Active funds can still compete in new MPF core structure
Non-passive and more costly funds can still compete in Hong Kong’s occupational pension scheme, despite an upcoming launch for low-cost default products, says a local fund provider.
The introduction of low cost funds next year, whose fees will be capped at 0.75%, seems to naturally favour index-tracking funds.
But Allianz Global Investors (AGI), an active manager and a player in the city's mandatory provident fund (MPF) market, believes it can maintain a viable market share.
“We are looking at ways in which we can maintain active investment in the core fund for 75 bps, which will involve a fee reduction," says Elvin Yu, head of institutional business. "But we believe that we can subsidise the core fund MPF product from our higher fee products, even though these are already lower than the market average fee."
With its current MPF fund charges averaging 1.15% of a member's total assets per year, compared to the current market average of 1.6%, Yu believes that a bulk of AGI’s investors would still be keen on staying in its non-core funds.

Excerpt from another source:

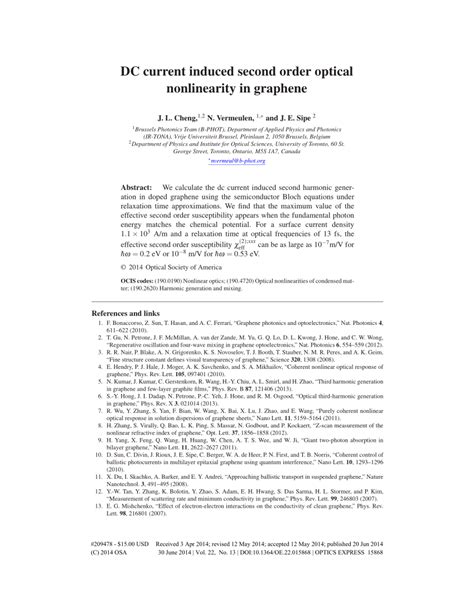 (PDF) DC current induced second order optical nonlinearity in graphene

Such funds may be index-hugging in nature but when asked how this would differentiate them from exchange-traded funds, Yu said: "Components would still be active, but we don’t actively overweight the US or underweight Hong Kong, but stick to whatever the benchmark components will be."

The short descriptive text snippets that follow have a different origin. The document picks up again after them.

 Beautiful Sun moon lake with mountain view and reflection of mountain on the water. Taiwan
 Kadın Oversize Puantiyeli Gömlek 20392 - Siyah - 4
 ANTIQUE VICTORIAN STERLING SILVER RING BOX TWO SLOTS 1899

Another added-value service that Allianz would consider including into core funds would be a ‘glide path’ investment approach, where the asset mix becomes more conservative as the scheme owner grows older.
“Generally, [core fund scheme owners] are people who have less knowledge of investment and they may have less control of their wealth plan, so having a glide path to help them de-risk is actually a not bad idea,” explains Yu.

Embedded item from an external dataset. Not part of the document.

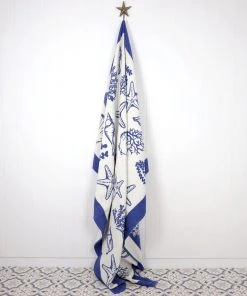 John Spencer Reversible Shell Throw - Deep Blue & Ecru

Up to a third of Hong Kong’s MPF providers could close or merge with rivals as a result of the narrowing margins on MPF business, say industry players. Local and smaller fund providers are expected to be worst hit by rules imposing a fee cap of 0.75%. Standard Chartered has already put its Hong Kong pensions business up for sale.
Although meeting a core fund at a fee of 75 basis points will be challenging and profits will “definitely” be lower, said Yu, he insisted that AGI’s approach highlights two points, a commitment to MPF market and the case for active investment.
“We’d rather find ways to maintain our active approach, even within that fee cap, so we believe that active investing can also add value to core fund members,” says Yu.
"It’s a matter of how a scheme sponsor approaches it. Some people will say they can do it with purely passive ETFs, because of relatively low fees. They will simply structure the allocation according to whatever eventual guidelines are provided (by the MPFA) and play passively. But that will mean no added value add and no extra service," Yu adds.